Courts in Sri Lanka have struck down actions of Parliament not amounting to legislation when such actions were violative of the law. The Industrial Disputes Act, as originally enacted, did not prescribe a time limit for a workman to file an application in the Labour Tribunal. The Minister of Labour, purporting to act under the rule-making powers conferred on him by certain sections of the Industrial Disputes Act, made a regulation fixing the time limit at three months of the date of termination of the services of a workman. The regulation was approved by Parliament.
The validity of the regulation was challenged in the 1968 case of Ram Banda v. River Valley Development Board (71 NLR 25). It was submitted on behalf of the respondent that the requirement of approval by Parliament rendered the regulations so approved was tantamount to an Act of Parliament itself, the validity of which is not justiciable by the courts.
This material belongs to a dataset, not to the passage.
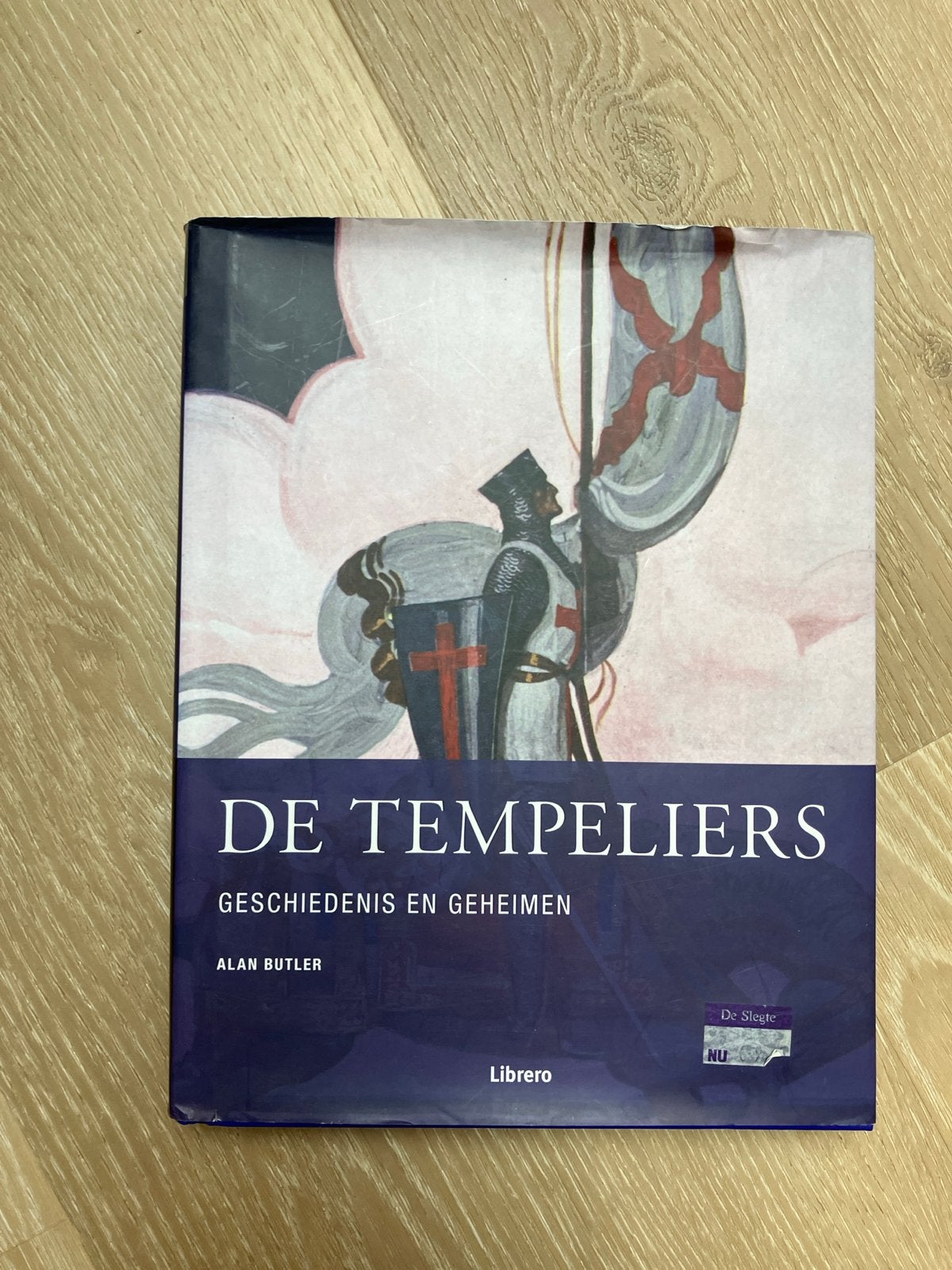De Tempeliers: Geschiedenis en Geheimen - Alan Butler, Ophalen of Verzenden, 20e eeuw of later, Zo goed als nieuw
It was further submitted that such regulations are law because Parliament says they are law and that they draw their validity not from the law-making power of the authority which made them but from the fact of Parliamentary approval. Justice Weeramantry held that section 39(2) of the Industrial Disputes Act, which provides that every regulation made by the Ministerm should be placed before Parliament for approval and that, on such approval and publication in the Gazette, it shall be “as valid and effectual as though it were herein enacted” did not confer validity on a regulation which is outside the scope of the enabling powers. “The mere passage of such regulation through Parliament does not give it the imprimatur in such a way as to remove it, through the operation of section 39 (2), from the purview of the courts.”
In 1971, Ram Banda v. River Valley Development Board was overruled by the majority of a three-member Bench of the Supreme Court in River Valleys Development Board v. Sheriff (74 NLR 505). The latter decision was, in turn, overruled in 1973 by the then Court of Appeal, which was the highest court of the land at that time after appeals to the Privy Council were abolished, in Ceylon Workers’ Congress v. Superintendent, Beragala Estate (76 NLR 1).
Restoring the decision in Ram Banda, the Court of Appeal held that the provision in section 39(2) that every regulation made by the Minister and approved by Parliament shall be valid and effectual as though it was enacted in the principal Act cannot preclude the courts from examining the validity of such a regulation.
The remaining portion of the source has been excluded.